* **TO DO**
Pictures are to be left out, and only the lines from the one containing "So let's set" through the last line of the data are to be returned exactly.

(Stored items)
============
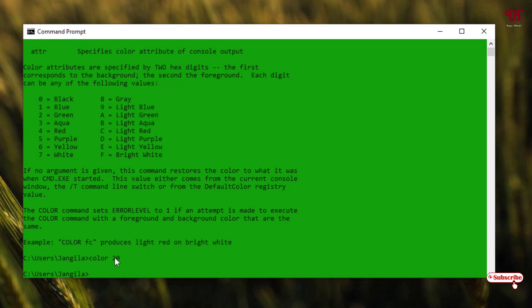The first one, as you can see here, the first value will be for the background for the Command Prompt, and the second value will be for the text or the font colors. So if you want to revert it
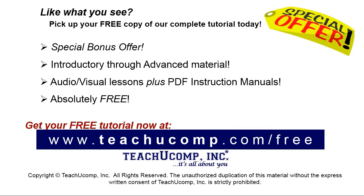Like what you see? Pick up your free copy of the complete tutorial at www.teachyoucomp.com/free.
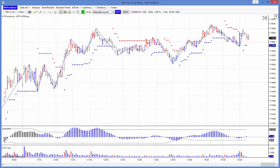Hi everybody, Steve Griffiths here, developer of the MT Predictor Software Programme. In today's video, I'd like to look at how the US Minis unfolded yesterday, which would have been Monday, November the 10th.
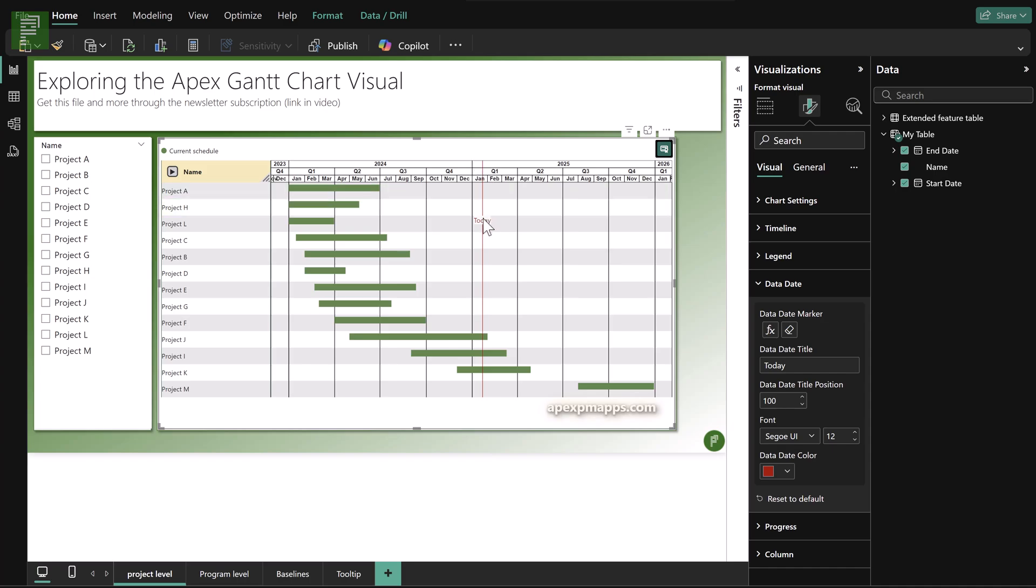So let's set that back to a more useful time slot or more useful position. Well, that's maybe a little bit too much. And 10 sounds like a good position to be in.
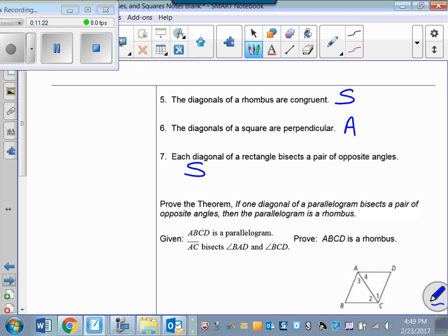The diagonals of a square are perpendicular — always, because a square is always a rhombus and the diagonals of every rhombus are perpendicular. Each diagonal of a rectangle bisects a pair of opposite angles — sometimes, because sometimes a rectangle is a rhombus. If all the angles of the rhombus measure 90 degrees, or they're all right angles, then the rectangle is a rhombus, and in those cases the diagonals of that rectangle would bisect opposite angles.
============
* **FINISHED TASK**
So let's set that back to a more useful time slot or more useful position. Well, that's maybe a little bit too much. And 10 sounds like a good position to be in.
The diagonals of a square are perpendicular — always, because a square is always a rhombus and the diagonals of every rhombus are perpendicular. Each diagonal of a rectangle bisects a pair of opposite angles — sometimes, because sometimes a rectangle is a rhombus. If all the angles of the rhombus measure 90 degrees, or they're all right angles, then the rectangle is a rhombus, and in those cases the diagonals of that rectangle would bisect opposite angles.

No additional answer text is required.